The Adventures of Samuel Clemens
Mark Twain’s many lives.
Mark Twain’s Many Lives
A new biography depicts the different sides of the American author.

Some people live several lives. Mark Twain lived half a dozen. As a boy in Hannibal, Missouri, he saw his family reduced to living in cramped quarters above a drugstore. As a world-renowned author, he and his wife built an 11,500-square-foot home with 25 rooms, balconies, turrets, and marble floors. In Twain’s impoverished 20s, he traveled to Nevada by stagecoach, sleeping atop mailbags. Decades later, he hired private railway cars. Before writing the books that made him famous, he served in a Confederate militia, searched for gold in the Sierra Nevada, and worked as a newspaper reporter in San Francisco and what today is Hawaii. By the end of Twain’s life, the czar of Russia and several other monarchs would happily receive him, Andrew Carnegie would invite him for dinner, and Woodrow Wilson (then the president of Princeton University) would play miniature golf with him. To borrow a line from his contemporary Walt Whitman, Twain’s life truly contained multitudes.
Multitudinous as well was the geyser of his work. Twain left some 30 books and pamphlets, thousands of newspaper and magazine pieces, as well as notebooks, unpublished manuscripts, and a mountainous three-volume autobiography whose mixture of fact and fancy have kept scholars busy for decades. Not without reason did one editor title an anthology Mark Twain in Eruption. Furthermore, much of Twain’s work happened onstage: One of his marathon speaking tours featured 103 appearances in the United States and Canada; another took 15 months and a zigzagging 53,000 miles to circle the globe.
Books in review
Mark Twain
Buy this bookRon Chernow’s massive but highly readable new biography, titled simply Mark Twain, covers the entire volcano, but three phases of this extraordinary life stand out.
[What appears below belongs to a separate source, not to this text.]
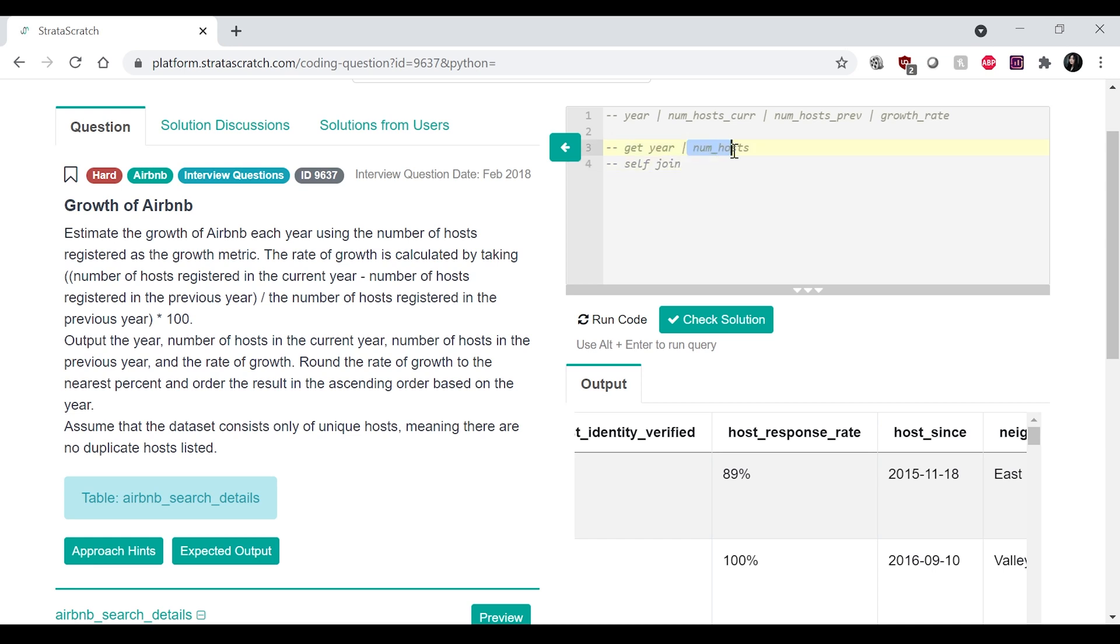And then after that, I'm going to do a self-join of this table over here. And that's going to be based on, so self-join that's going to be on,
First is Twain the writer, particularly the author of his two finest books, The Adventures of Huckleberry Finn and Life on the Mississippi. The great river flows through their pages, filled like life itself with treacherous bends, hidden snags and currents, and unexpected joys. With a few exceptions, such as The Adventures of Tom Sawyer, the rest of his work today has a whiff of the archaic. Would we still read The Prince and the Pauper or A Connecticut Yankee in King Arthur’s Court if they’d been written by someone else? When it comes to princes and kings, no one outshines the Duke and the Dauphin, the fake royalty in Huckleberry Finn.
The second Twain is the world-famous celebrity, who basked in applause on almost every continent. And the third is the author in his final years, multiply bereaved, enduring sorrows of which the public knew little, and manifesting a strange and revealing fixation.
He was born Samuel Clemens in 1835, in the small village of Florida, Missouri. When he was 3, the family moved to the nearby Mississippi River town of Hannibal, the “St. Petersburg” of his novels. His father managed to run one small business after another into the ground, accumulating debts that forced him to take a job as a grocery clerk and his wife to take in boarders. He died when Sam was 11. The boy had only a few years of school, did various odd jobs, became a printer’s apprentice, and worked briefly for his brother Orion, who owned a small newspaper. At 17, he left home for several years as a wandering printer and typesetter, living briefly with a married sister in St. Louis and plying his trade as far away as Philadelphia and New York.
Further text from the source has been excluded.